Одна из самых удивительных вещей в этих текстах — то, что идеи, о которых в классических конфуцианских трудах упоминалось лишь вскользь, оказались сформированными философскими концепциями, ставящими под сомнение традиционные китайские догмы. Один из текстов, к примеру, восхваляет меритократию. Конфуцианские тексты, дошедшие до нас, осуждают отречение или смену правителя за исключением редчайших случаев; власть должна передаваться по наследству — конфуцианство стояло на стороне государства и противостояло попыткам революции. Обнаруженные тексты оспаривают эти принципы, что для авторитарного государства, оправдывающего свою бесконечную власть «традицией», может иметь интересные последствия. «В текстах нет призывов к установлению демократии, — рассказала мне Аллан, — но они утверждают, что добродетель дает больше прав на власть, чем кровь».
В аудитории неподалеку от парка Бейхай профессор Гочжун продолжал свой рассказ. На экране мелькали заголовки газет; по словам Гочжуна, интерес к находкам был крайне высок. После выпуска каждого тома китайские СМИ бросались обсуждать новые тексты, а блогеры и историки-любители пробовали их интерпретировать. Слушатели внимали профессору, описывающему сроки издания новых томов командой исследователей университета Цинхуа.

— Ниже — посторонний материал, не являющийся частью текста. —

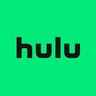Hulu Full Capture .loli  (medium cpm)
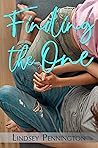 Finding the One (The One, #1)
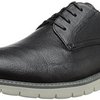 162473_kenneth-cole-reaction-men-s-revamp-oxford-black-7-m-us.jpg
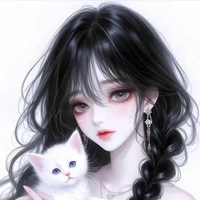 SABRINA ROMEN (FL BFF)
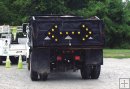 Able2 Sho-Me - Large Arrow Board 02.7000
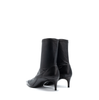 Ankle Boots - DOLITA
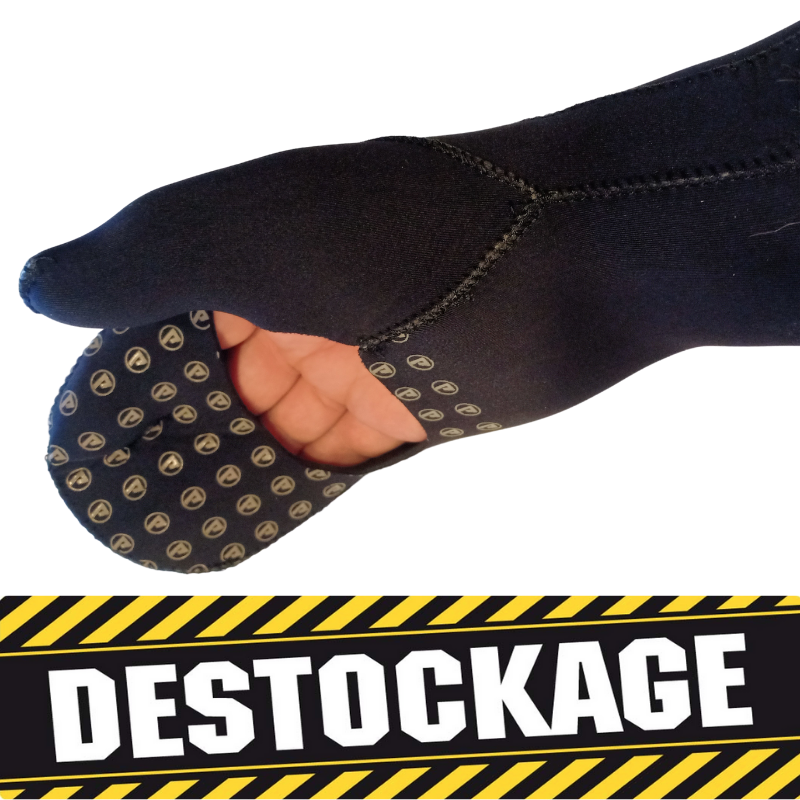 FICHE-DEST-VGEN0030XXL-PEAKUK-MOUFLES NEOPRENE-XXL (2)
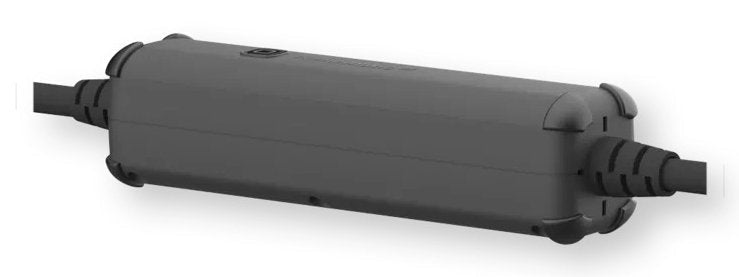 Homematic Ip Switch-Meeasurement Cable-Outside (Hmip-Psmco) Negro 160775a0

«Мы считаем, что располагаем еще пятнадцатью томами, то есть издавать мы их будем еще 15 лет. А потом я выйду на пенсию, — смеется Гочжун, — а затем до конца века вы и прочие исследователи будете спорить об этих текстах. Изучать их можно бесконечно».
Профессор Гочжун окончил лекцию и поклонился аудитории. Он говорил дольше отведенных ему 90 минут, а уборщики уже хотели домой. Как только он покинул кафедру, они тут же бросили гасить свет. Но слушатели ринулись вперед и начали забрасывать профессора вопросами. Человек из Общества исследования Книги Перемен спрашивал, как теперь быть с гаданиями. Выпускник Пекинского университета горячо вопрошал о влиянии новых данных об отречении на политику. Гочжун отвечал всем, одновременно раздавая визитки. Когда визитки кончились, люди стали фотографировать их на камеры мобильных телефонов. Комната освещалась лишь светом тусклого зимнего солнца. Охрана ждала, пока слушатели покинут зал, чтобы запереть за ними двери. Но толпа из двух десятков человека не давала профессору Гочжуну уйти; ведь в руках он держал прошлое — ключ к настоящему.